▶ [AVAILABLE DATA]:
--
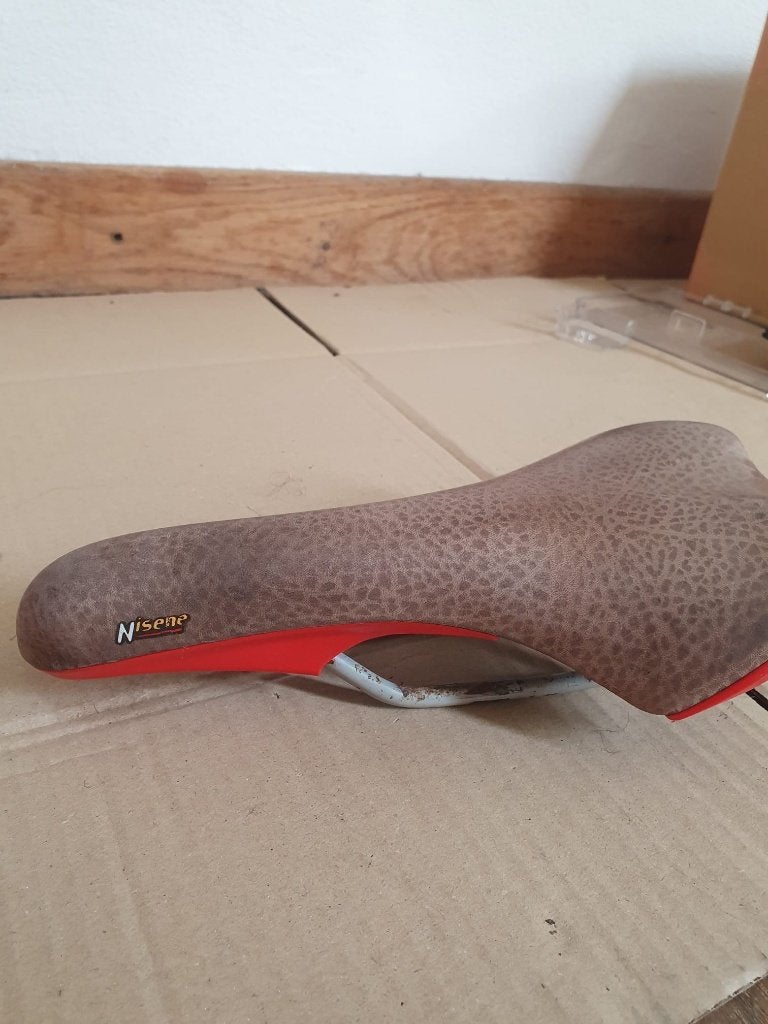 Nisense Bicycle Saddle, Ophalen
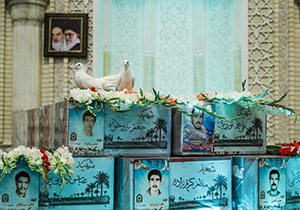مراسم وداع با شهدای دفاع مقدس در حرم مطهر شاهچراغ(ع) + تصاویر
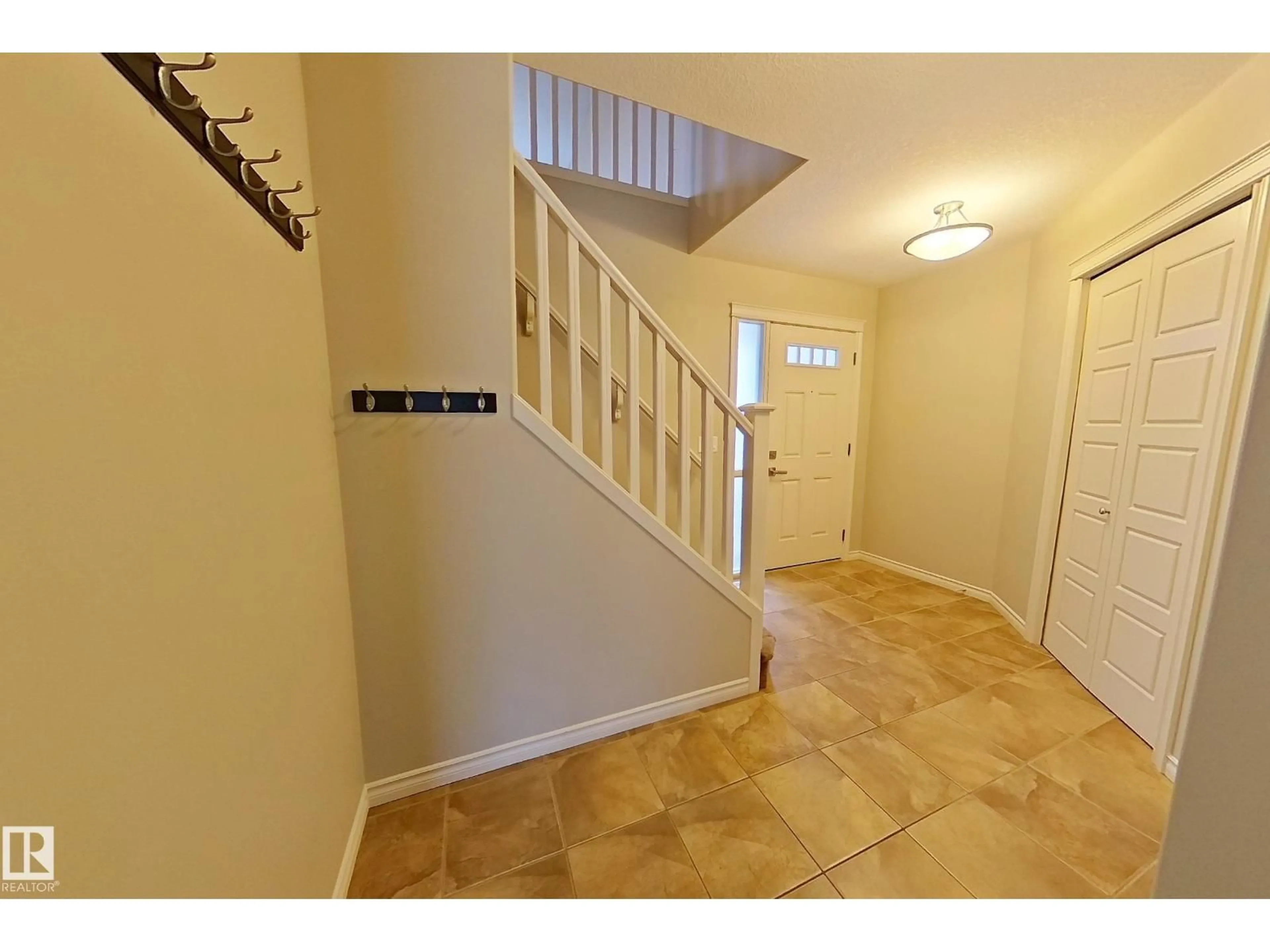 Indoor entryway for 1117 59A ST, Edmonton Alberta T6X0T2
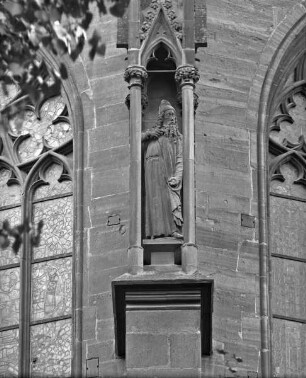 Prophet unter Baldachin
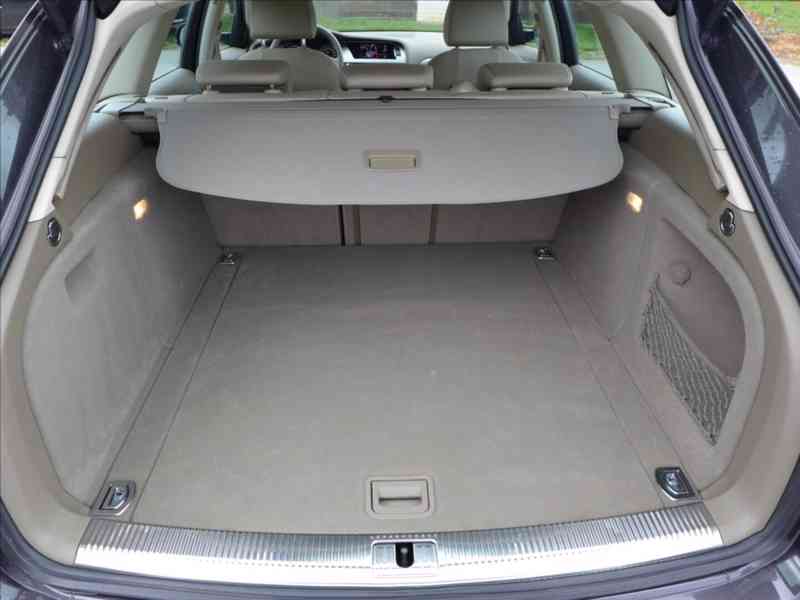 Audi A4 2,0 TDI 4x4, NAVI, 1.MAJITEL - foto 8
--
▶ [BRIEF]:
Without including any picture, print every record exactly as written above.

▶ [ANSWER BELOW]:
 Nisense Bicycle Saddle, Ophalen
مراسم وداع با شهدای دفاع مقدس در حرم مطهر شاهچراغ(ع) + تصاویر
 Indoor entryway for 1117 59A ST, Edmonton Alberta T6X0T2
 Prophet unter Baldachin
 Audi A4 2,0 TDI 4x4, NAVI, 1.MAJITEL - foto 8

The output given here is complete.